London describes himself as someone with "an obsessive and impulsive personality". He practices speaking Korean with a private teacher every week. He dated the French pornographic actress Angelique Morgan. London has spoken of his poor relationships with family and friends and society's negative views towards him because of his racial identity. This eventually meant that he had difficulty finding a romantic relationship and caused him to become reclusive.

===Religion and spiritual beliefs===
London is a former atheist. Previously he was said to worship a cardboard cut-out of Jimin and even prayed to the singer. He has criticised the Islamic doctrines of women's dress codes. In November 2022, London announced his conversion to Christianity and his intention to be baptized in Catholic Church.

===Transracial identity===
Although he is of White British descent, London has previously identified as South Korean. His self-identification attracted worldwide attention and stirred debate around the validity of being transracial compared to being transgender. Sandra Song of Paper magazine accused him of fetishising South Korean culture, calling what he had done "incredibly offensive, especially since it effectively trivializes our identities because they're suddenly 'trendy.'" London has claimed to have received death threats on the Internet for being "transracial" but defended his identity as personal and said his intention was solely to appreciate the culture. Others showed support for him. American activist Rachel Dolezal, who similarly attracted controversy due to her racial identity, stated that someone's personal identity (including London's) should not be other people's main concern.

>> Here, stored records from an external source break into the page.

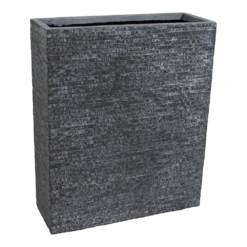 Plantenbak Utah Terras - L60 X B23 X H72cm - Donkergrijs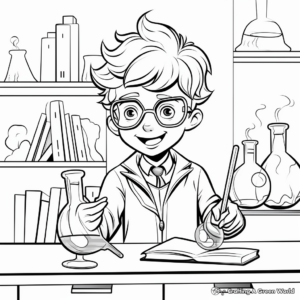 Engaging Chemistry Lab Coloring Pages 2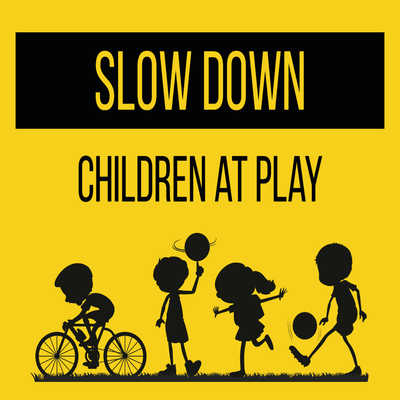 Custom Outdoor Yard Signs Multiple Sizes One Community Slow Down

=== Gender and sexuality ===
London came out as non-binary during the Pride Month of 2021, announcing that he used they/them pronouns as well as neopronouns inspired by Korea and Jimin.

In mid-2022, he came out as a genderfluid trans woman and announced plans to get further surgeries to look like Blackpink member Rosé.

In October 2022, he told E! News that he was detransitioning, saying that he wanted to "go back to being [his] original self—a biological man", and updated his Instagram bio to indicate that he uses he/him pronouns. He thereafter affiliated himself with the anti-gender movement. London's book Gender Madness was published in August 2023. He also appeared in the 2023 film Detrans.

=== Plastic surgeries ===
In March 2022, London announced plans for penis reduction surgeries, stating that "in Korea, [the average] penis is like 3.5 inches [...] People say, 'Oh, you can't be Korean. You're not 100 percent Korean,' and I just want to be 100 percent Korean. I would even have a penis reduction so I'm, like, the Korean average." This statement brought him criticism for promoting stereotypes of East Asian men.

At the time of his detransition in October 2022, he had undergone 32 surgeries, including six nose jobs, an eye surgery, a facelift, a brow lift, a temple lift, a tooth procedure, and skin whitening injections. He stated that he planned to stop getting further surgeries, which he said he had "undergone in [his] obsessive quest chasing perfection".